My Second such moment was in Hitsats Refugee camp… I was in London on a September afternoon when it suddenly occurred to me that unless I get myself to Shire the following morning (and not over the weekend as was initially planned), I wasn’t going to accomplish half the stuff I intended to…. Thanks to my friends who know the magic of travel agency… my accommodating family and particularly my long-suffering husband and my friends in the refugee camps…. I was able to fly to Addis that same evening and transfer to Aksum by dawn and was in shire at the AARA office before lunch! It really was tough going and I was absolutely shattered (so was everyone in the group)…. To make a really long story really short… we ended up at Hitsats that same evening (less than 24 hours since the London realisation)… about 12 interviews on trauma and an evening of not really believing I was really really there… I collapsed on the matrass where my eyes involuntarily shut even before I finished my prayers…. At dawn (it really was middle of the night) I woke to the orthodox church prayers and a walk round the camp praying with them… for them… for me…. And as the sun was really warming up I had one of the most amazing showers I ever took…. Our friend who was hosting us with his fiancé is someone who had suffered immensely at the hands of human traffickers in Sinai and his story would really make volumes in books about our untold story… when he ended up in Hitsats Camp… he noticed that in this dry patch of a desert land there were a bunch of trees ever green… he asked for permission and dug a well there and found water…. Built a few shower cubicles around it and voila! There was his low maintenance high return business! And so I showered with naturally warmed spring water beneath the sky that still shows mercy to an Eritrean refugee and I thanked God for an ever present possibility of a tomorrow with potentials of being a whole lot better than today! Healing Eritrea is still possible
My third moment is really a series of moments… so I will be cheating and hence will wait for yours before I tell you that
BOHASHEM: Yes...the Geneva and New York demonstrations were of great value to the human rights cause.

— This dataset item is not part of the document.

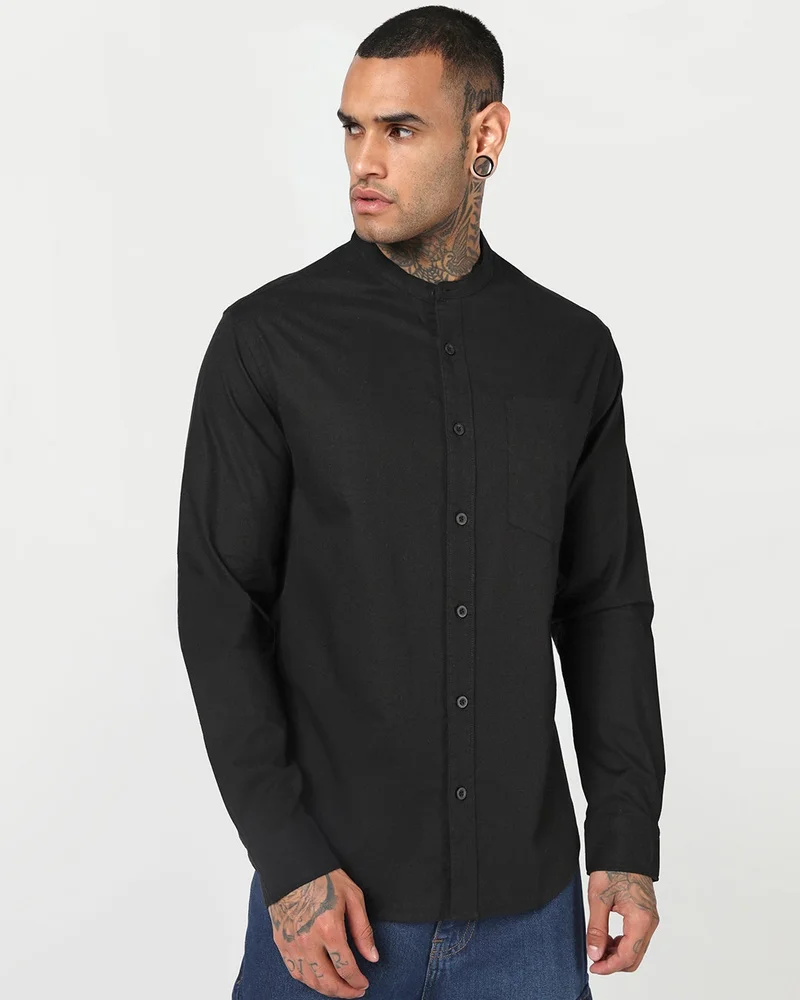 بيواكوف Men's Jet Black Cotton Linen Shirt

My third favourable moment was the success story of our cycling champions and the story of Haben, the first blind & deaf graduate from Harvard Law School. The two separate stories made me really proud as an Eritrean. I felt relief to see the name of our country mentioned in a more positive way than the otherwise often heart breaking news that we keep receiving thanks to the senseless despotic regime in power. I try to maintain some level of optimism by paying attention to success stories and events. They tend to assure me that despite the appalling situation our country happens to be in, Eritreans can still excel and achieve high.
SELAM: It really is the simple pleasures of laughter on social media and particularly on Face Book where orchestrated by few of my wayward friends (no names mentioned as we don’t expose our friends!) I am able to laugh a bit and get in touch with the lighter side of life… it makes me realise that we really are still all human and we ought to laugh a lot more than we often do… and if we did we may learn to forgive each other a lot more than we currently do, for it is hard to remain angry at a person that makes you laugh a lot… I think my resolution for 2016 should be to widen that circle of laughter…
I enjoyed this so much… When you put your mind to it you really can find those special moments that kind of sustain one in what can otherwise be intolerable situation. Thanks for the opportunity to share my special magic moments and all my very best for 2016 and Merry Christmas to all those who do celebrate Christmas.